*** Data under study ***

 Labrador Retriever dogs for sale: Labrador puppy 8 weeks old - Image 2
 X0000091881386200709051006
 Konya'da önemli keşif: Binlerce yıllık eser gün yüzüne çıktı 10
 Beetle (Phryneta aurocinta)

*** End of Data under study ***
*** Data under study ***

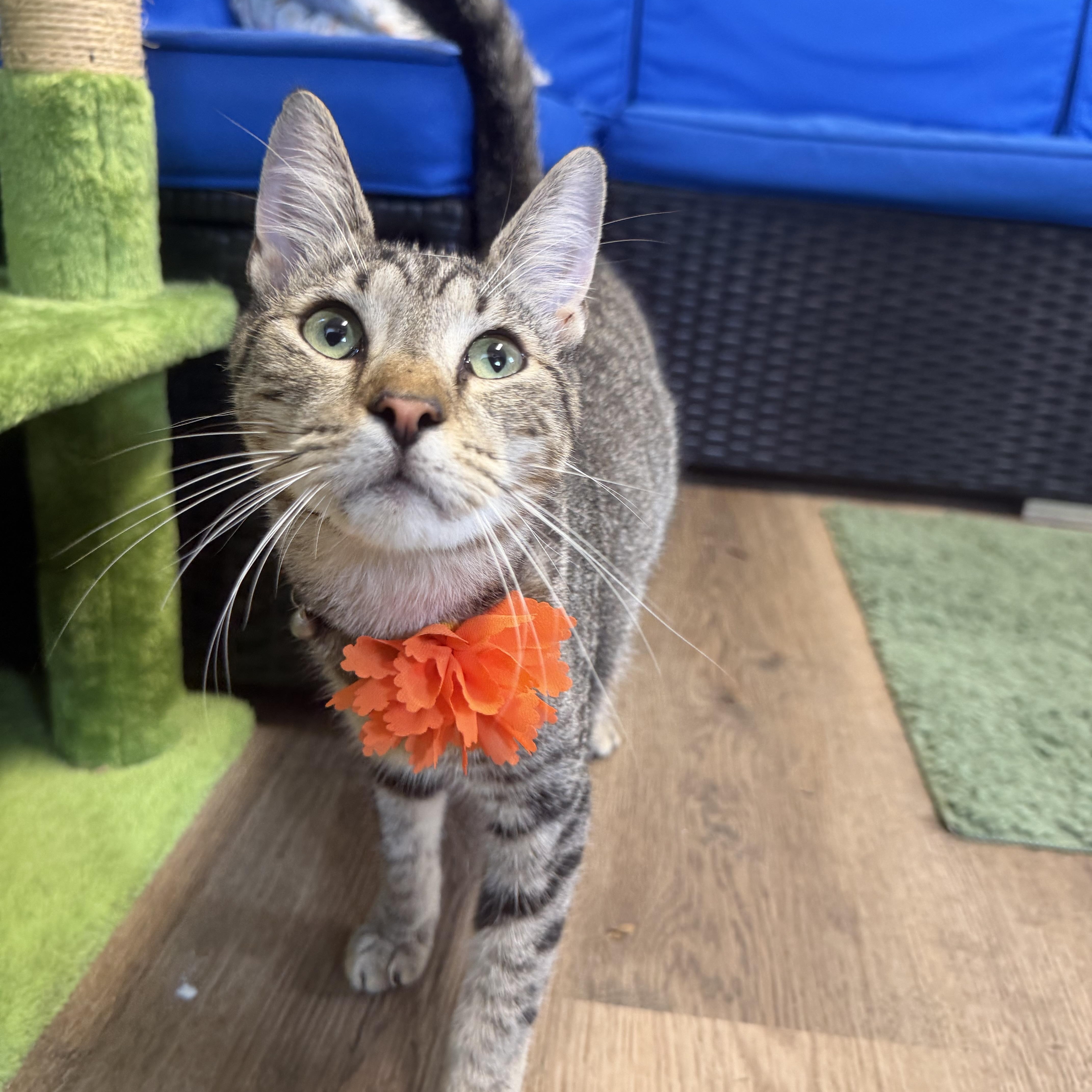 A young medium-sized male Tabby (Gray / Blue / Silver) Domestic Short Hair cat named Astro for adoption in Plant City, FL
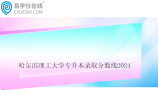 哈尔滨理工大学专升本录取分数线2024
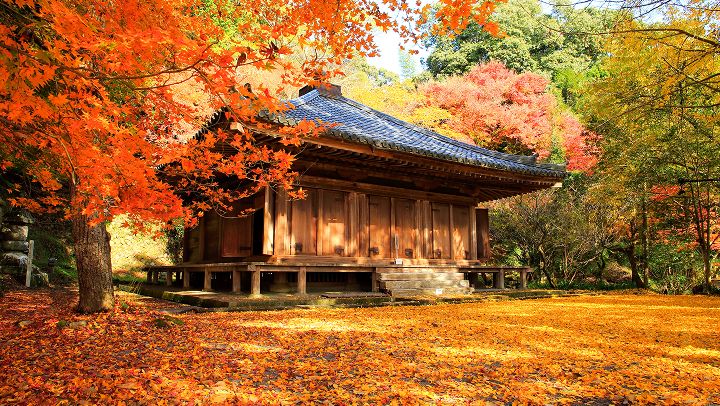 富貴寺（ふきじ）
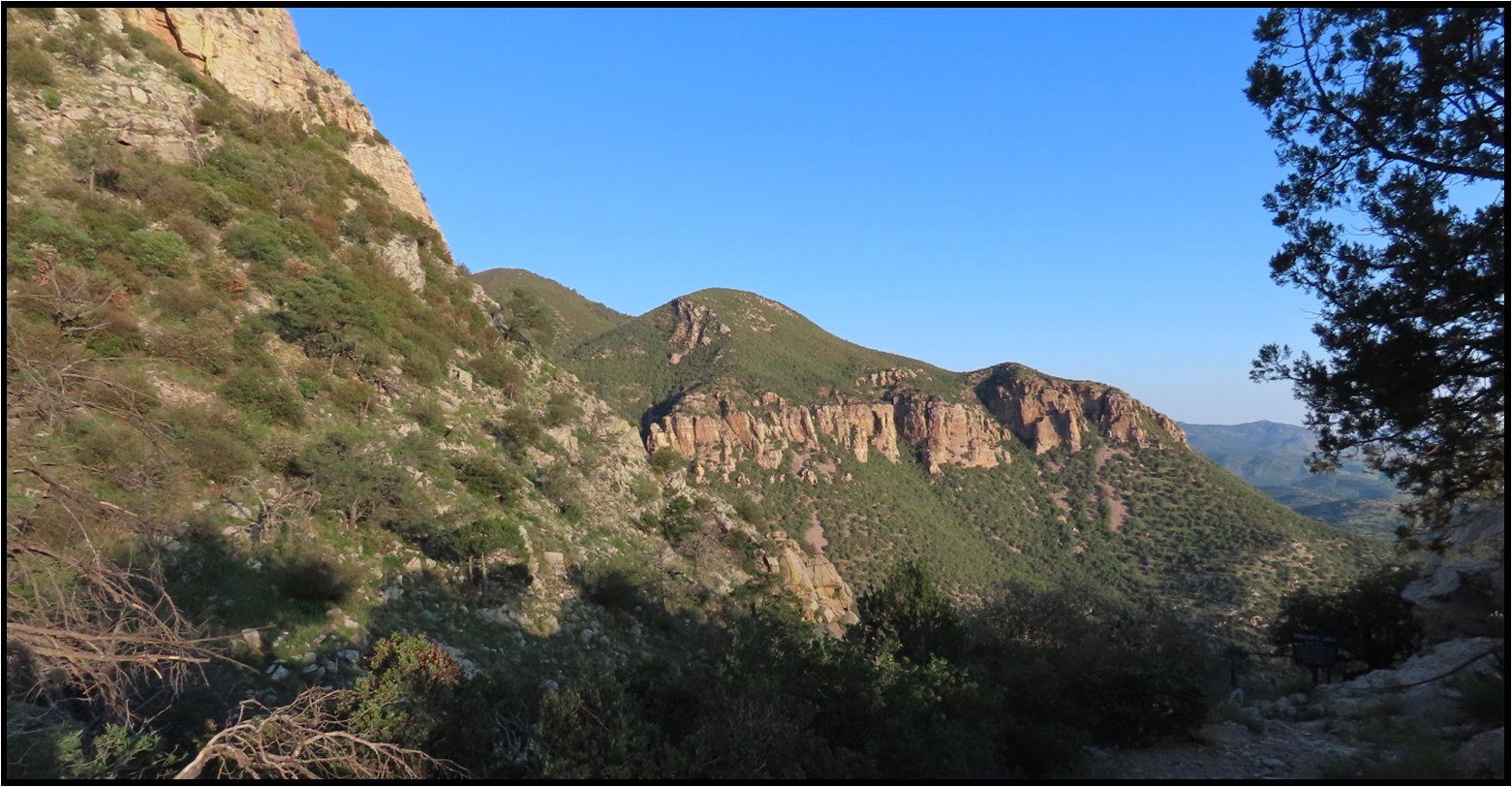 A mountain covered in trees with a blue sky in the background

*** End of Data under study ***

*Work required*
Repeat the entries above verbatim, but only from the line that has "Labrador Retriever dogs" down to the line that has "Beetle (Phryneta aurocinta)", inclusive.

*Answer section*
 Labrador Retriever dogs for sale: Labrador puppy 8 weeks old - Image 2
 X0000091881386200709051006
 Konya'da önemli keşif: Binlerce yıllık eser gün yüzüne çıktı 10
 Beetle (Phryneta aurocinta)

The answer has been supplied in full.